= Environmental Life Force =

Environmental group

ELF logo

Environmental Life Force (ELF), also known as the Original ELF, was the first radical environmental group in 1977 to use explosive and incendiary devices to advance their agenda.

==History==

The group was founded by John Clark Hanna, who was arrested and convicted for the use of explosives on federal property. The ELF conducted armed actions in northern California and Oregon and disbanded in 1978 following Hanna's arrest for placing incendiary devices on seven crop-dusters at the Salinas, California airport on May 1, 1977.

They said that "warfare" designed pesticides were being used on domestic crops, specifically a chemical banned after its extensive use in Vietnam. A communiqué to the Independent (Santa Cruz) later provided the group with a frontpage story. They also called for above-ground organizations to initiate a boycott of sprayed food and for the public to criticize the process:

The US Forest Service continues to apply 245T to kill broadleafed trees and shrubs in recently logged forests so conifers such as pine, fir and cedar trees can be re-established quickly.

There was also an article published in Open Road in August 1977 featuring the bombing at a paper publishing company in Oregon City. The target was against a company who the ELF claimed were responsible for using a dangerous chemical called Tordon for aerial spraying, used as part of a program in Vietnam and responsible for causing cancer and birth defects.

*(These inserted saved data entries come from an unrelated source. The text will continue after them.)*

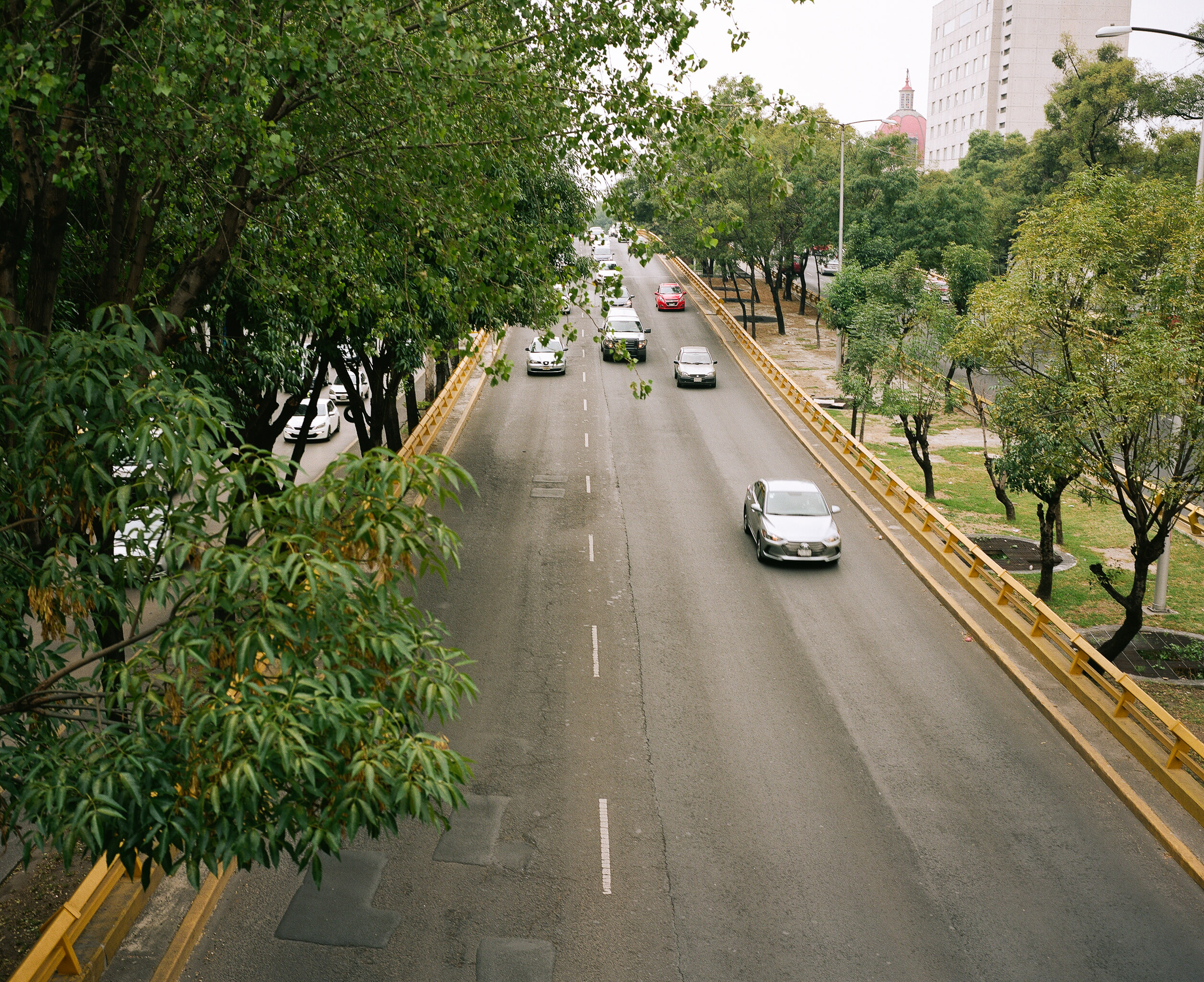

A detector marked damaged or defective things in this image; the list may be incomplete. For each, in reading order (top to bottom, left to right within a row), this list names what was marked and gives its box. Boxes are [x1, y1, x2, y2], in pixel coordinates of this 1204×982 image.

road patch repair [429, 794, 532, 871]
road patch repair [275, 847, 402, 948]
road patch repair [477, 934, 556, 982]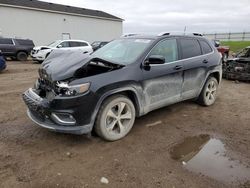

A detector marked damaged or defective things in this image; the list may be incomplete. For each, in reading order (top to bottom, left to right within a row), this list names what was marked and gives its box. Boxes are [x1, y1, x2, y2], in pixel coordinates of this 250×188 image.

crumpled hood [40, 49, 91, 81]
damaged front end [223, 58, 250, 81]
damaged front end [23, 50, 124, 134]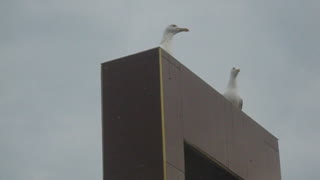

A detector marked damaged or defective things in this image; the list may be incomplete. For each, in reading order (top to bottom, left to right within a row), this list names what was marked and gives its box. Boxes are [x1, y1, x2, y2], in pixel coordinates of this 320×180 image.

rusty metal structure [100, 47, 280, 180]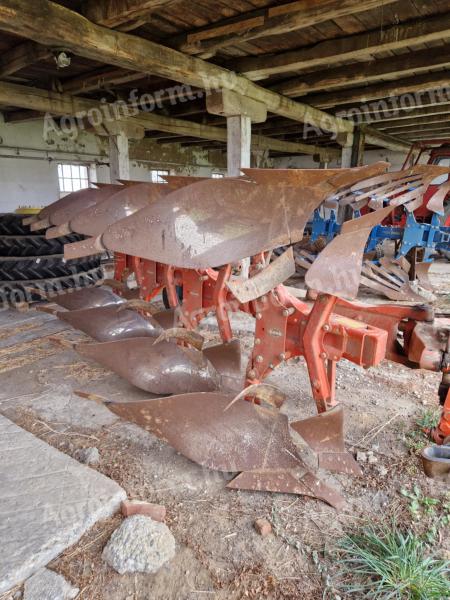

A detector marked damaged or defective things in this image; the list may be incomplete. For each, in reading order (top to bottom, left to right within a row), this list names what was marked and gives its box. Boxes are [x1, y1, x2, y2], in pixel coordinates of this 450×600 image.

rusty metal surface [46, 185, 123, 227]
rusty metal surface [102, 171, 372, 270]
rusty metal surface [46, 288, 125, 312]
rusty metal surface [57, 308, 161, 340]
rusty metal surface [229, 247, 296, 304]
rusty metal surface [306, 206, 394, 300]
rusty metal surface [76, 338, 221, 394]
rusty metal surface [292, 406, 362, 476]
rusty metal surface [422, 448, 450, 480]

Although not much is known about the early ELF activists, because of their efforts to remain anonymous, John Hanna, who claims to have founded the movement along with other individuals, talks of how he used explosives against a target:

ELF took extraordinary measures to avoid loss of life or injury. The devices were designed so only the low-yield detonators would fire. The napalm mix had been allowed to solidify so it could not catch fire. The fuses were timed to ignite at 2:00 am. I waited nearby until all the detonators exploded. If someone would have happened by, I was prepared to warn him or her off, even at the risk of capture. Later in the day, a communique was dropped at the local newspaper. ELF listed viable alternatives to the excessive and inappropriate use of pesticides on our food.

Unlike his former years, Hanna no longer advocates militancy, although does not denounce it, only denouncing militancy that leads to violence. He instead promotes the adoption of legal measures, commenting: "I accomplished more for the environmental cause through my research organization and its spin-offs than I ever did as an eco-guerilla."

==Modern ELF==

Several years later, the ELF acronym resurfaced, representing another ideologically similar decentralised eco-guerilla entity, the Earth Liberation Front, which borrowed tactics from the Animal Liberation Front. The two groups are otherwise unrelated.